Une herbe trop verte : les pesticides en cause
Les terrains de golf ne doivent rien au hasard. Pour obtenir des pelouses d’un vert parfait, sans mauvaises herbes, ni insectes nuisibles, les responsables de l’entretien utilisent des quantités massives de pesticides : herbicides, fongicides, insecticides… Ces produits chimiques sont appliqués régulièrement et souvent en plus grande concentration que dans l’agriculture conventionnelle.
Plusieurs de ces substances sont connues ou suspectées d’être neurotoxiques. C’est notamment le cas du paraquat, interdit dans plusieurs pays mais encore utilisé dans certains États, et du maneb, un fongicide fréquemment détecté dans les environnements agricoles ou paysagers.
Des études scientifiques de plus en plus nombreuses
Depuis les années 2000, la communauté scientifique s’intéresse de près aux facteurs environnementaux de la maladie de Parkinson. Une étude majeure réalisée en Californie (Costello et al., 2009) a montré que les personnes exposées à certains pesticides, même à de faibles doses, voyaient leur risque de Parkinson augmenter jusqu’à 75 %.

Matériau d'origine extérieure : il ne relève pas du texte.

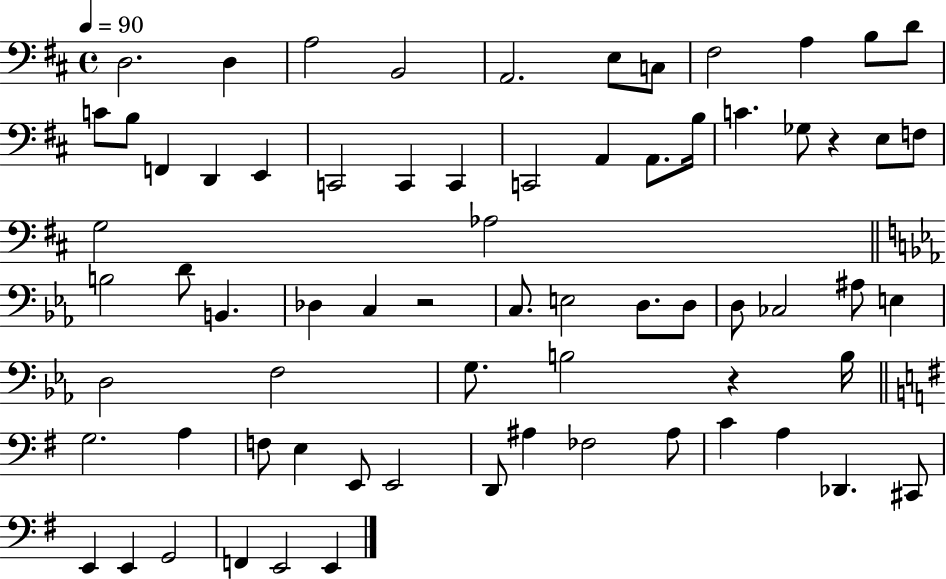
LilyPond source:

Les personnes vivant à proximité de zones fortement traitées — comme les golfs — ou travaillant dans ces environnements sont donc potentiellement exposées de manière chronique à des produits neurotoxiques. Cette exposition répétée pourrait entraîner, à long terme, la mort progressive des neurones dopaminergiques dans le cerveau, à l’origine des symptômes moteurs de la maladie.
Les employés des golfs en première ligne
Les jardiniers, paysagistes et greenkeepers sont les premiers concernés. Leur travail les met en contact direct avec les produits pulvérisés, souvent sans protection suffisante. Plusieurs cas de Parkinson chez ces professionnels ont été recensés et font l’objet d’études épidémiologiques.

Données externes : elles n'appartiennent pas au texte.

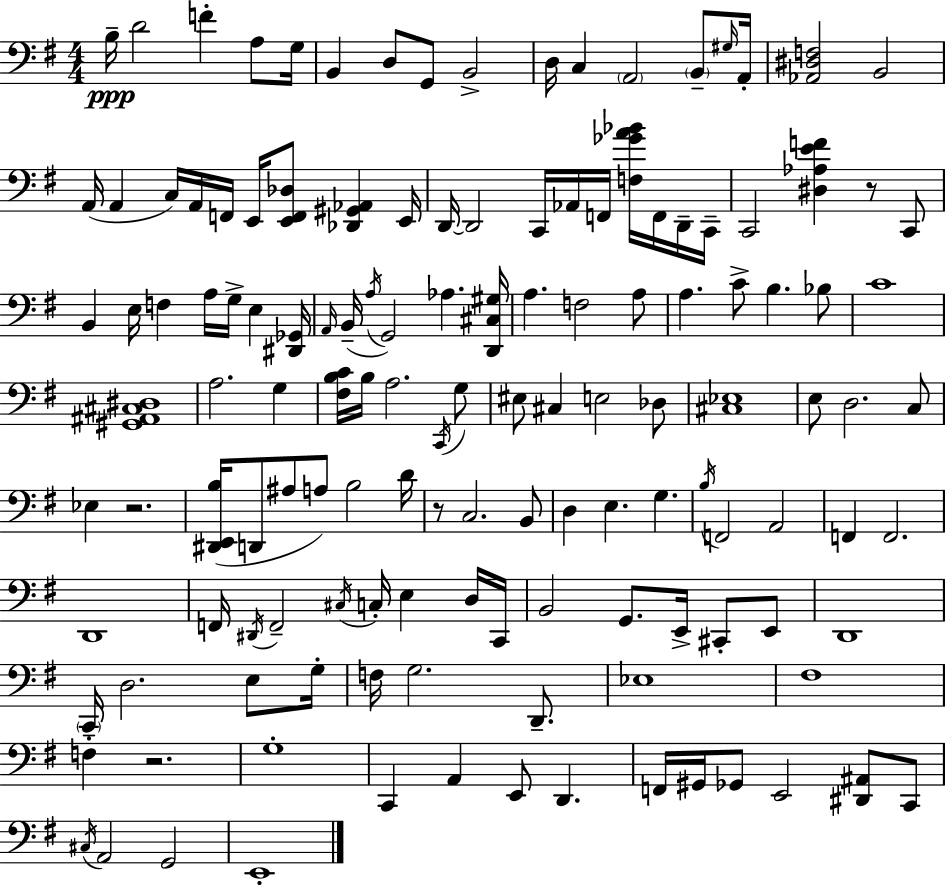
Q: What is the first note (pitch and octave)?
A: B3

Certaines juridictions, comme en France ou aux États-Unis, commencent même à reconnaître la maladie de Parkinson comme maladie professionnelle pour les personnes exposées aux pesticides, ce qui renforce la crédibilité du lien environnemental.
Un mécanisme biologique plausible
Sur le plan biologique, les chercheurs ont montré que certains pesticides :
- provoquent du stress oxydatif, un déséquilibre chimique nocif pour les neurones,
- détruisent spécifiquement les neurones producteurs de dopamine, situés dans la substance noire du cerveau,
- induisent une inflammation chronique du système nerveux,
- ou perturbent les mitochondries, les centrales énergétiques des cellules.

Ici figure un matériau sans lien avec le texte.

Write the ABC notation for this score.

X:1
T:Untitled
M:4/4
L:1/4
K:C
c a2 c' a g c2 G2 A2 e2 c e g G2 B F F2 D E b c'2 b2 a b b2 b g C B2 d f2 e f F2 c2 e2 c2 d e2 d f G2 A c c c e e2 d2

Autant de processus impliqués dans la pathogenèse de Parkinson.
Que faire face à ce risque ?
Les parcours de golf ne disparaîtront pas, mais des solutions existent pour réduire les risques :
- Passer à des méthodes d’entretien écologiques, sans produits chimiques,
- Renforcer les équipements de protection des employés,
- Surveiller médicalement les personnes vivant à proximité des golfs,
- Promouvoir des études à long terme sur les effets de l’exposition environnementale.
une vigilance nécessaire
Le lien entre maladie de Parkinson et proximité des parcours de golf n’est pas une simple coïncidence. Bien que les preuves ne soient pas encore définitives, les signaux d’alerte se multiplient. Comme pour l’amiante ou le plomb autrefois, la prudence impose d’agir dès maintenant pour limiter l’exposition aux substances potentiellement dangereuses.
Les golfs symbolisent la tranquillité et la nature domptée. Mais derrière cette apparente sérénité, se cache peut-être un risque sanitaire sous-estimé. Une réflexion collective s’impose, pour que ces espaces verts le restent… sans menacer notre santé.